10. Distruzione di Cartagine decisa a Roma.
La questione giuridica tra Cartagine e Massinissa rimase quindi indefinita; ma l'invio della commissione determinò un'importante decisione.
Il capo di questa commissione era stato il vecchio Marco Catone, l'uomo forse allora più influente del senato, e, come veterano della guerra annibalica, pieno ancora d'odio per i Cartaginesi e della paura ch'essi avevano destato.
Con sorpresa non disgiunta da invidia videro i suoi stessi occhi il fiorente stato dei nemici giurati di Roma: lussureggianti le campagne, affollate le vie, smisurate le quantità d'armi negli arsenali, ricco il materiale marinaresco; e nella sua mente egli già vedeva un secondo Annibale rivolgere tutte queste forze contro Roma.

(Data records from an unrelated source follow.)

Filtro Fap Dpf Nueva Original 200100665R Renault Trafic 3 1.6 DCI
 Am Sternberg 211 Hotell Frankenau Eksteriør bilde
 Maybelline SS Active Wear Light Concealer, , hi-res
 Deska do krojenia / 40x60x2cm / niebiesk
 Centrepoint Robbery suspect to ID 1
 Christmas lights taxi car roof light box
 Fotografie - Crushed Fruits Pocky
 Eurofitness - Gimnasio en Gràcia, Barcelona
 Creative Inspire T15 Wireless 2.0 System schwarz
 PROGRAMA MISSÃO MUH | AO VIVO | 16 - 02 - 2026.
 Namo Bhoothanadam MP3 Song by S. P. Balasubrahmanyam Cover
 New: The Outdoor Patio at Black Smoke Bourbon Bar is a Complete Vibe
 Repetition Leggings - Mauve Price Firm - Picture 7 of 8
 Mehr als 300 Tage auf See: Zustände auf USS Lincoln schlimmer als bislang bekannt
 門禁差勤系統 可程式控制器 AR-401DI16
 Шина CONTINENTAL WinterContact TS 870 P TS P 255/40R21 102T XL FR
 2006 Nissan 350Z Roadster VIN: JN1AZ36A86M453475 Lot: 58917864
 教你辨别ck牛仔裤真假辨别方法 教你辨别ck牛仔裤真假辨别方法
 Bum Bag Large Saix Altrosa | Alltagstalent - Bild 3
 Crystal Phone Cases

Nel suo onesto, coraggioso, sebbene limitato giudizio, giunse alla conseguenza che Roma non si sarebbe potuta dir sicura finchè Cartagine non fosse scomparsa dalla terra, e, ritornato in patria, manifestò subito questa sua opinione al senato.
Qui gli uomini di più larghe vedute, appartenenti all'aristocrazia, e particolarmente Scipione Nasica, si opposero con gran forza a questa meschina politica, dimostrando irrisorie le preoccupazioni a causa d'una città mercantile, i cui abitanti di razza punica sempre più andavano desistendo dalle arti della guerra e dal pensiero di essa, e l'assoluta compatibilità dell'esistenza di questa ricca città commerciale colla supremazia politica di Roma. E persino la trasformazione di Cartagine in una città provinciale romana sarebbe stata a loro giudizio effettuabile, anzi, considerata l'attuale condizione de' Fenici, ritenevano sarebbe forse da questi stessi accolta con favore.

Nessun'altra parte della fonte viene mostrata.